◆ EXERCISE DESCRIPTION
Restate verbatim the span of lines below between the line with "Peekaboo ISeeU Bag" and the line with "Donna Costa D´amalfi", including those two lines, and only that span.

[Saved data entries]
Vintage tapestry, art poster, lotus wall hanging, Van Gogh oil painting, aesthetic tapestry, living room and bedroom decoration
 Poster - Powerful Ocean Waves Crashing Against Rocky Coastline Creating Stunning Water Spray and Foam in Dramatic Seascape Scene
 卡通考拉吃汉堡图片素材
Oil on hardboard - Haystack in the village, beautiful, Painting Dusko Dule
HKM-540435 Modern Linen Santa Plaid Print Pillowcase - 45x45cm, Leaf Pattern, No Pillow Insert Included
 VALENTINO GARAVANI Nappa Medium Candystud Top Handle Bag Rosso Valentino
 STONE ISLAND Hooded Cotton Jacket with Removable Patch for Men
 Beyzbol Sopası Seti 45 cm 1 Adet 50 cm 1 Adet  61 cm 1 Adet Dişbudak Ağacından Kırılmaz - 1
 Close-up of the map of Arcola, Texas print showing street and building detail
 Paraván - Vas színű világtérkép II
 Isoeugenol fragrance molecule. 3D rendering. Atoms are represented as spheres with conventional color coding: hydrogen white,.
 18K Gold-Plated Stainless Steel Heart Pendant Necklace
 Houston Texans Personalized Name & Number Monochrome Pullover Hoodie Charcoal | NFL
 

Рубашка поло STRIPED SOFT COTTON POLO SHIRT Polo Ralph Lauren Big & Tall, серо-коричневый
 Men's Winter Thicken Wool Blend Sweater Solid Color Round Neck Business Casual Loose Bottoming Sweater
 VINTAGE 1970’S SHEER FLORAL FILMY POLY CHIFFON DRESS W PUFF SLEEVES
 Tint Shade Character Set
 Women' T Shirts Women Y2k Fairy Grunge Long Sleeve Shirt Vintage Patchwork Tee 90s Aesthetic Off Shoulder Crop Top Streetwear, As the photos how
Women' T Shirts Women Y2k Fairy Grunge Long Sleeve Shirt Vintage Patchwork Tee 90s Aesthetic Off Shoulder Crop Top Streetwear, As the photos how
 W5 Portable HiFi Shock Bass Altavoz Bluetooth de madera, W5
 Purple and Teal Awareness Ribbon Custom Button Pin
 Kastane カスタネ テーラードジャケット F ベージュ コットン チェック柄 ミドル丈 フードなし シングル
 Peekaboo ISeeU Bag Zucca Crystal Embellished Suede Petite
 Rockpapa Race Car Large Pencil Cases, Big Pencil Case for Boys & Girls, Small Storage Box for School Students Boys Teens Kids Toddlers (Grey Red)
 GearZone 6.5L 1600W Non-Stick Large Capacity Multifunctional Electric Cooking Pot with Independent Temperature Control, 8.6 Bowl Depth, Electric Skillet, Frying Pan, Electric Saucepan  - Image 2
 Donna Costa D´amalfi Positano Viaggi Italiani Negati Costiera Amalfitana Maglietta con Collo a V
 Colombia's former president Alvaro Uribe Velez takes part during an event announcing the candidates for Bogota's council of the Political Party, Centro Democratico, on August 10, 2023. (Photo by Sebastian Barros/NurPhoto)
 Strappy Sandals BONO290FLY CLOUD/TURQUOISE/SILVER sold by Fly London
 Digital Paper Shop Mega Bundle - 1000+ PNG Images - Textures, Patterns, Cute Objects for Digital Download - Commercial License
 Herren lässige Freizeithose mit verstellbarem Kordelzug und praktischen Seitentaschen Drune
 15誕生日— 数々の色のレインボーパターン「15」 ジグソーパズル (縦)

◆ RESULT FOR THIS TASK
 Peekaboo ISeeU Bag Zucca Crystal Embellished Suede Petite
 Rockpapa Race Car Large Pencil Cases, Big Pencil Case for Boys & Girls, Small Storage Box for School Students Boys Teens Kids Toddlers (Grey Red)
 GearZone 6.5L 1600W Non-Stick Large Capacity Multifunctional Electric Cooking Pot with Independent Temperature Control, 8.6 Bowl Depth, Electric Skillet, Frying Pan, Electric Saucepan  - Image 2
 Donna Costa D´amalfi Positano Viaggi Italiani Negati Costiera Amalfitana Maglietta con Collo a V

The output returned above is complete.